The entries below contain a line with "707 Area Code Trucker Hats" and a line with "Sonic X Surprise". Quote exactly those two lines and all lines between them.
:: Dataset excerpts
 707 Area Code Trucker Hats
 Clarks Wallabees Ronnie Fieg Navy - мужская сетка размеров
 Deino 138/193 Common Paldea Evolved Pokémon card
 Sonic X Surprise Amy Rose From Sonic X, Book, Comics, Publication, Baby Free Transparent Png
::::
:: Dataset excerpts
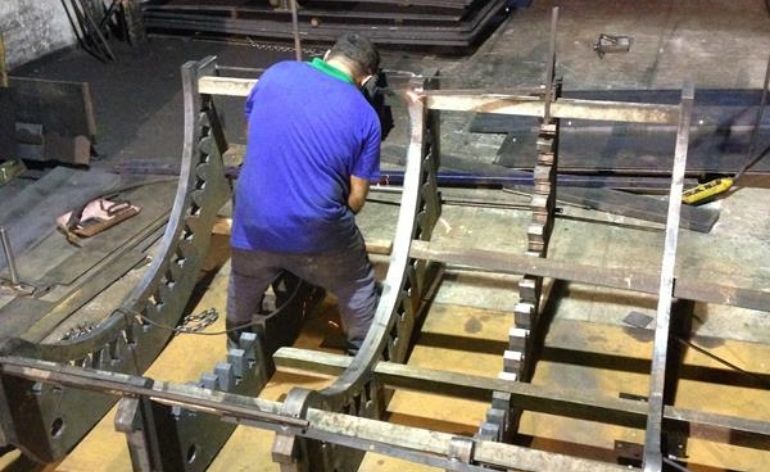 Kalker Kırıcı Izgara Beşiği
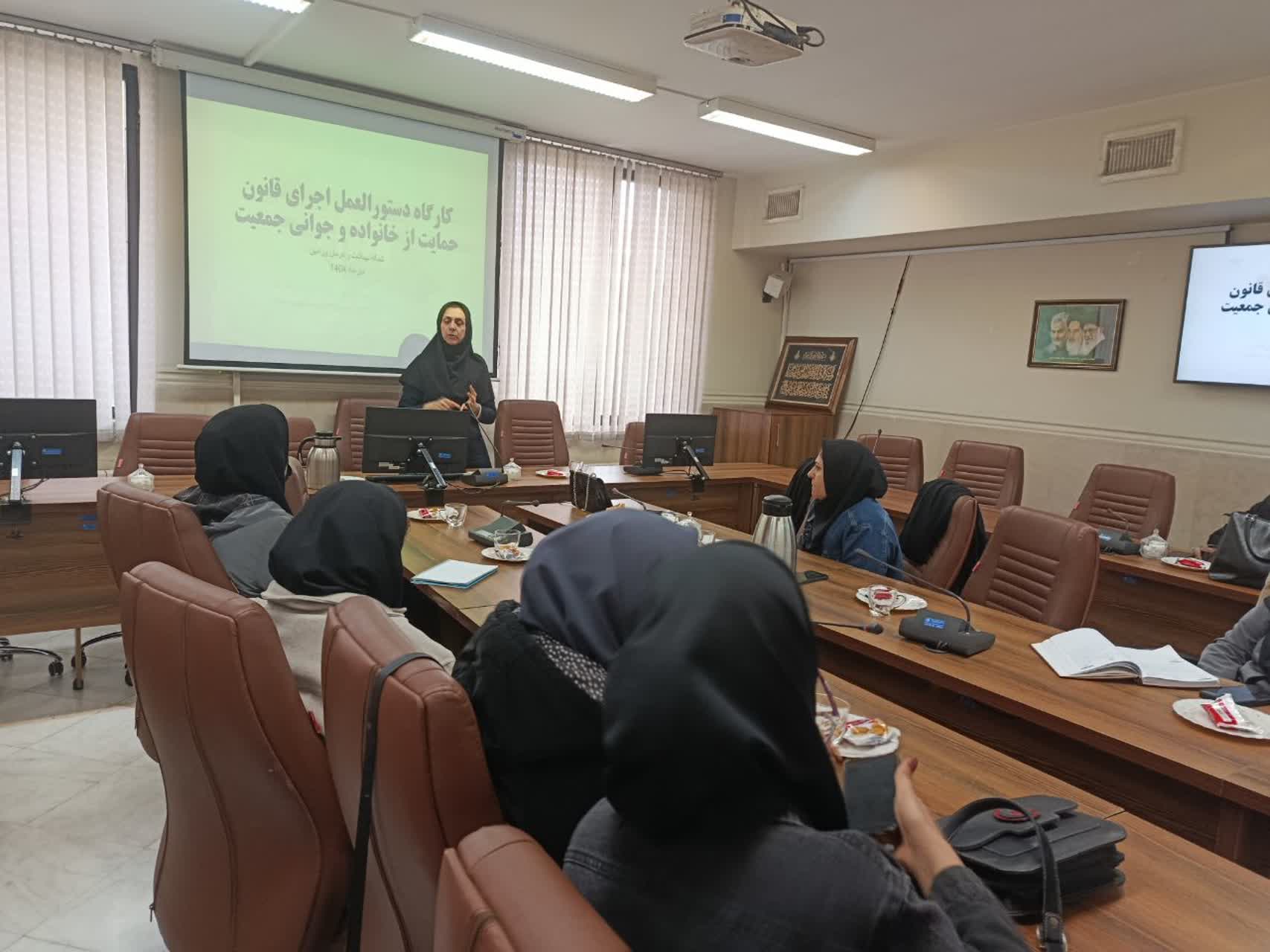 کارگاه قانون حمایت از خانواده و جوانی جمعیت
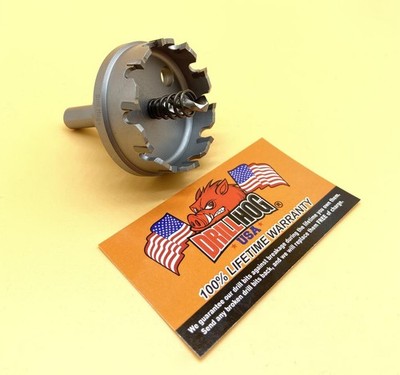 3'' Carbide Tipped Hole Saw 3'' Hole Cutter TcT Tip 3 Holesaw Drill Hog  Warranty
::::
:: Dataset excerpts
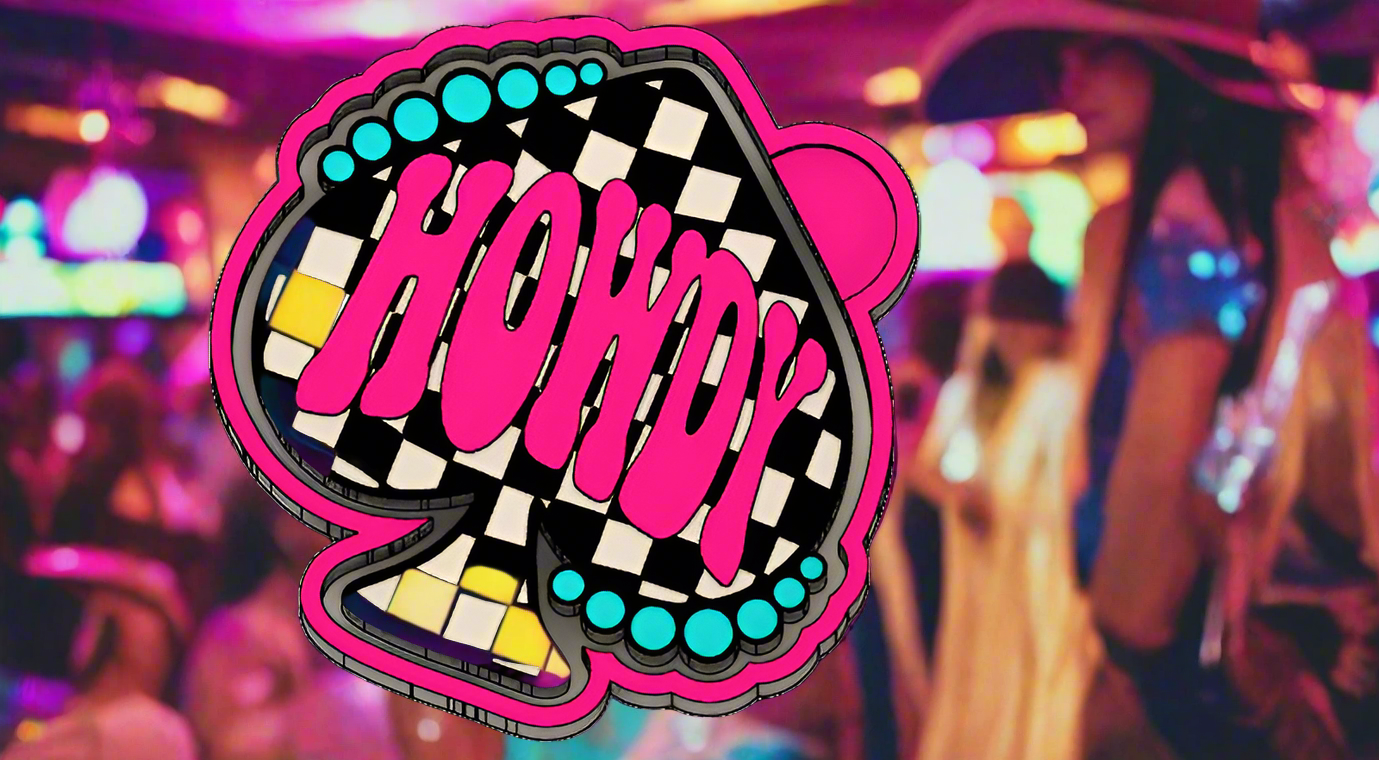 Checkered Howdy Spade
::::
**Expected output**
 707 Area Code Trucker Hats
 Clarks Wallabees Ronnie Fieg Navy - мужская сетка размеров
 Deino 138/193 Common Paldea Evolved Pokémon card
 Sonic X Surprise Amy Rose From Sonic X, Book, Comics, Publication, Baby Free Transparent Png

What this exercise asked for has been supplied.